PROMPT |
Transcribe the listing exactly, leaving out every picture.

GIVEN INFORMATION |
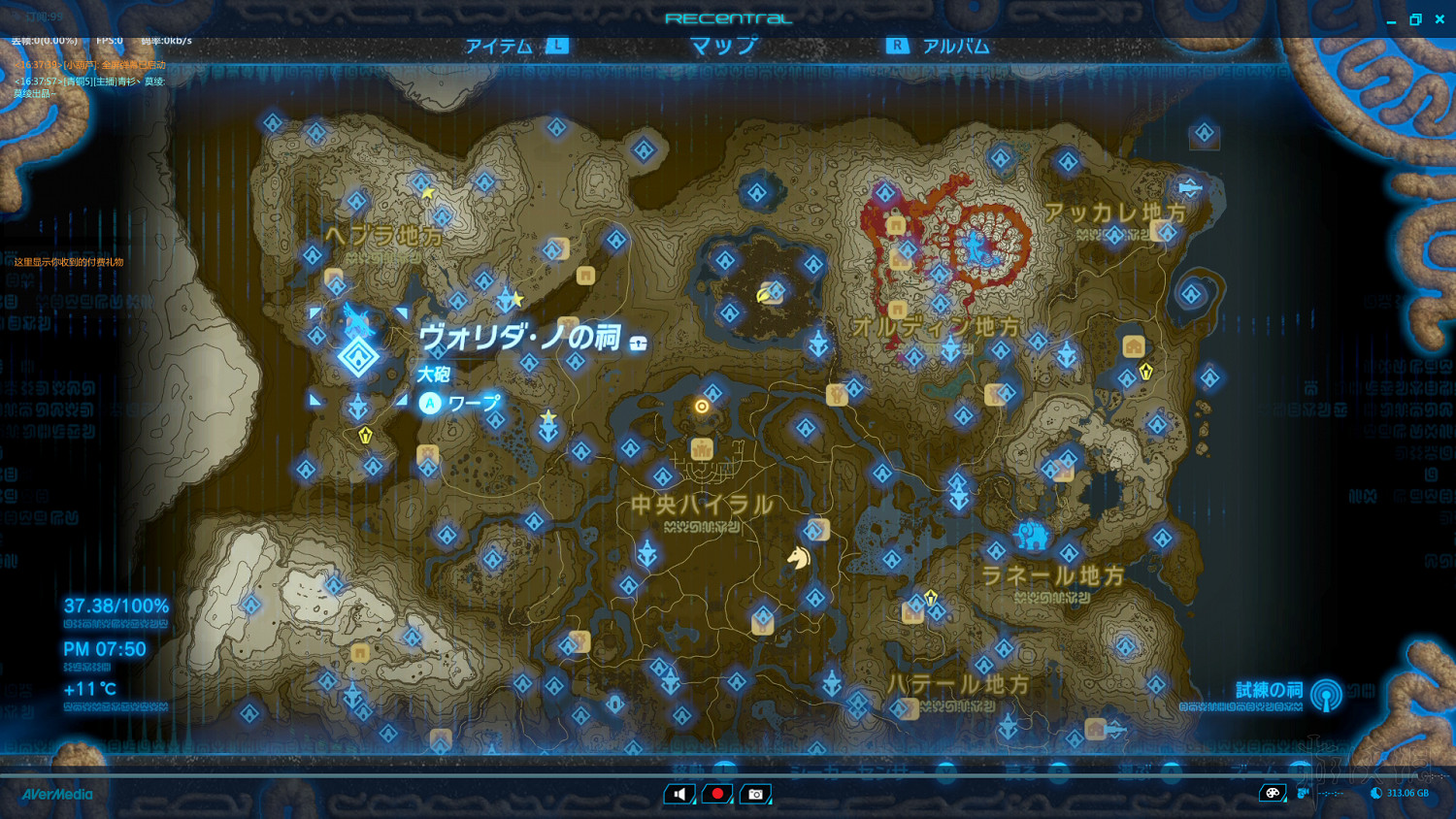 《塞爾達傳說：曠野之息》全神廟中文攻略 120神廟位置+全神廟解法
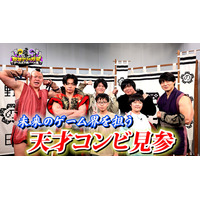 【野田クリの野望～ゲーム天下統一への道～】若き才能を青田買い！「若武者ゲー道」第9弾／小中学生コンビの“癒し系”探索ゲーム＆20歳コンビの新感覚パズルゲーム！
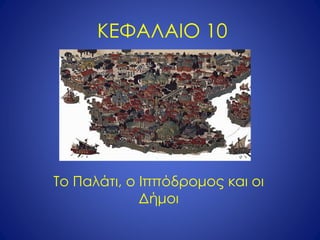 ΚΕΦΑΛΑΙΟ 10 Το Παλάτι, ο Ιππόδρομος και οι Δήμοι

YOUR SOLUTION |
 《塞爾達傳說：曠野之息》全神廟中文攻略 120神廟位置+全神廟解法
 【野田クリの野望～ゲーム天下統一への道～】若き才能を青田買い！「若武者ゲー道」第9弾／小中学生コンビの“癒し系”探索ゲーム＆20歳コンビの新感覚パズルゲーム！
 ΚΕΦΑΛΑΙΟ 10 Το Παλάτι, ο Ιππόδρομος και οι Δήμοι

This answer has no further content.